DRDGOLD expects to report a doubling in share earnings when it reports full year numbers for the 12 months ended June.
The company said in a trading statement today a 26% improvement in revenue for the period would contributed towards higher share earnings of between 160.1 and 176.5 South African cents a share. Share earnings for the 2020 financial year totalled 82.5c.
Of concern, however, will be the role of power charges in a 17% expected lift in cash operating costs totalling R3.1bn. The increase in electricity as supplied to the firm’s East Rand operations Ergo was the main pressure point as well as a natural increase in costs flowing from higher volumes at DRDGOLD’s Far West Gold Recoveries (FWGR).
From a balance sheet perspective, DRDGOLD increased cash about R400m to R2.1bn as of June 30 compared to the same date in the 2020 financial year.

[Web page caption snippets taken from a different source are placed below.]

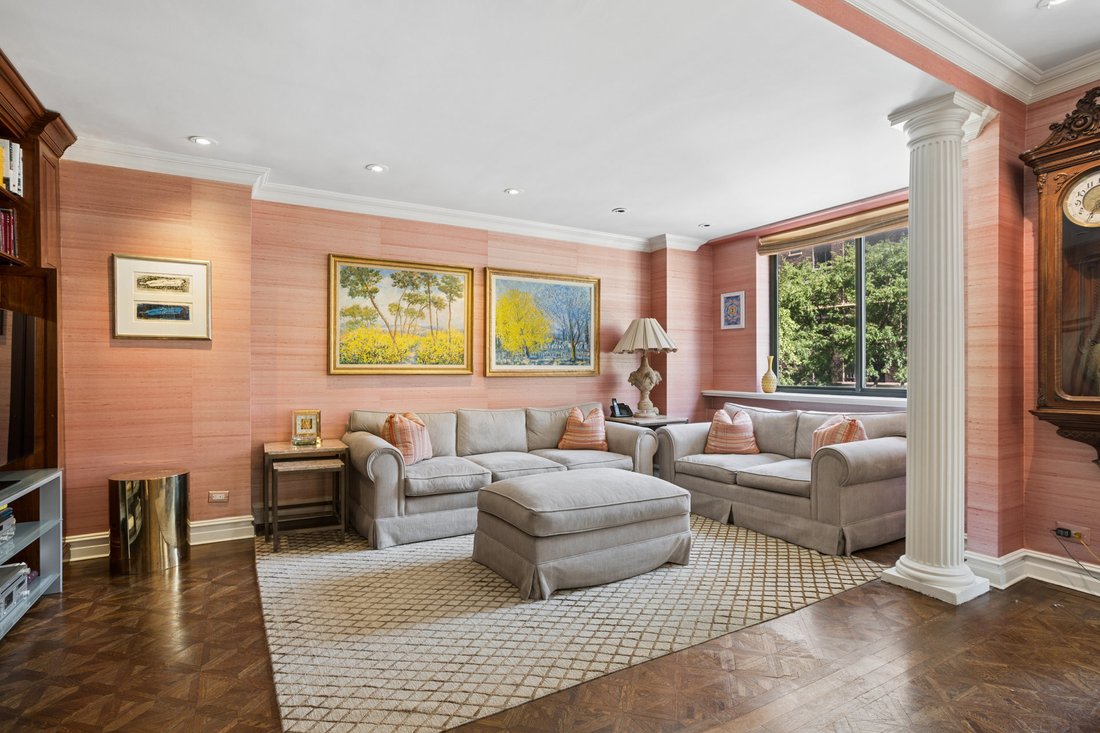 Condo in New York, New York, United States 2 - 18891250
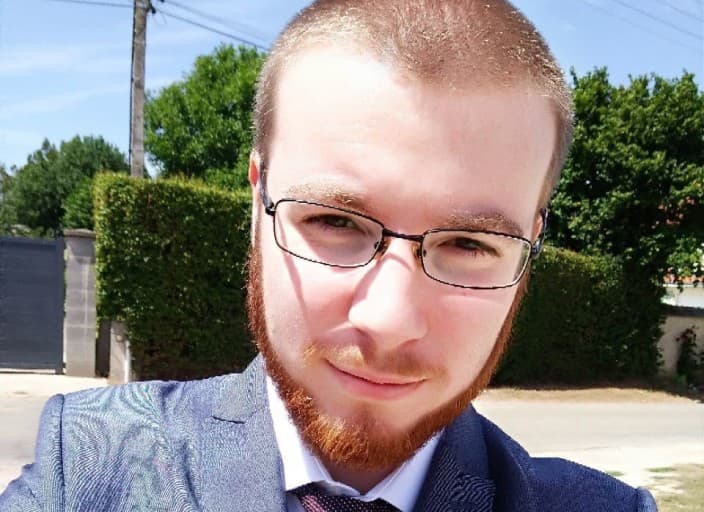 Photo de profil de jul91160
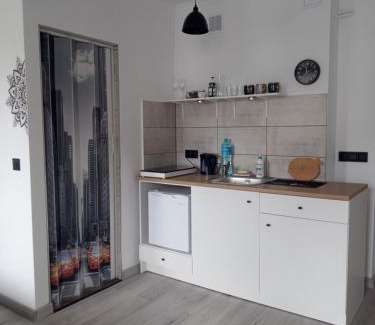 Cieszyn Apartment | Apartament Czwarte Niebo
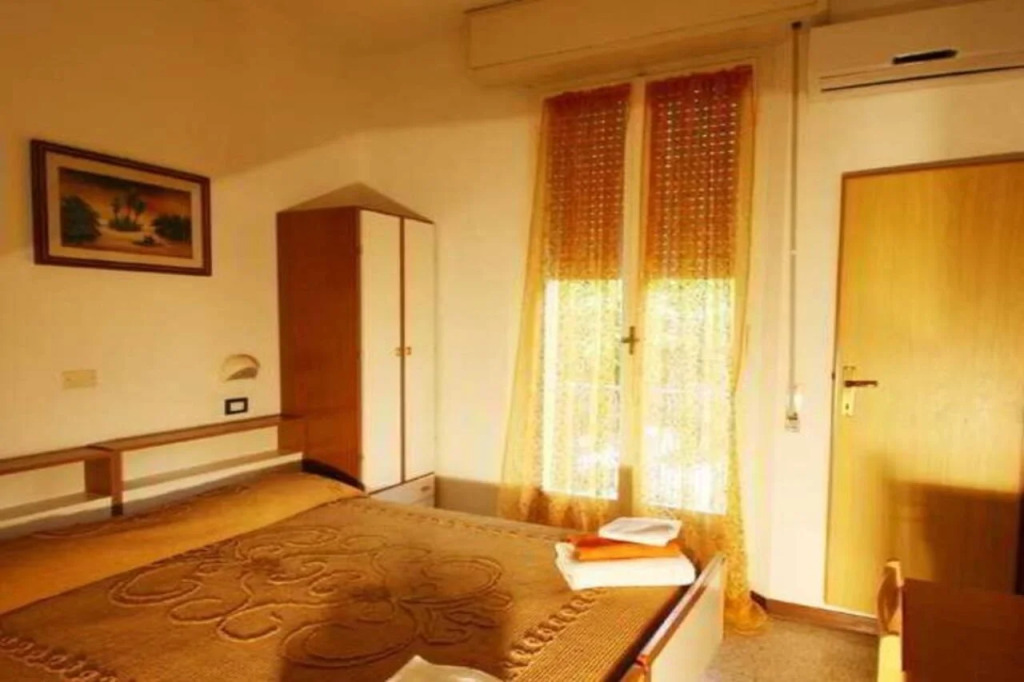 Hotel Villa Alberta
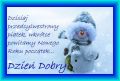 Pozdrawiam w ostatni piątek Starego Roku!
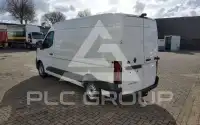 2024 Renault Master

The company is scheduled to report its full year numbers on August 25.
DRDGOLD said in a third quarter review that it expected to post another full-year dividend at the close of the financial year. “[U]nless an unforeseen event takes place, the company anticipates declaring a final dividend in August 2021, to maintain its 14-year unbroken run of dividends paid,” it said on May 5.
In February, DRDGOLD declared an interim dividend of 40c a share which was 60% up on the 25c declared for the six months to end-December 2019.
On Tuesday, the company announced the appointment of Timothy Cumming as non-executive chairman of the DRDGOLD board. Cumming replaces Geoff Campbell who announced in January that he would end an 19-year association with the board in November.
Cumming is an independent non-executive director of Sibanye-Stillwater, which owns 50.1% of DRDGOLD, as well as Nedgroup Investments. Cumming also serves as non-executive chairman of Riscura Holdings.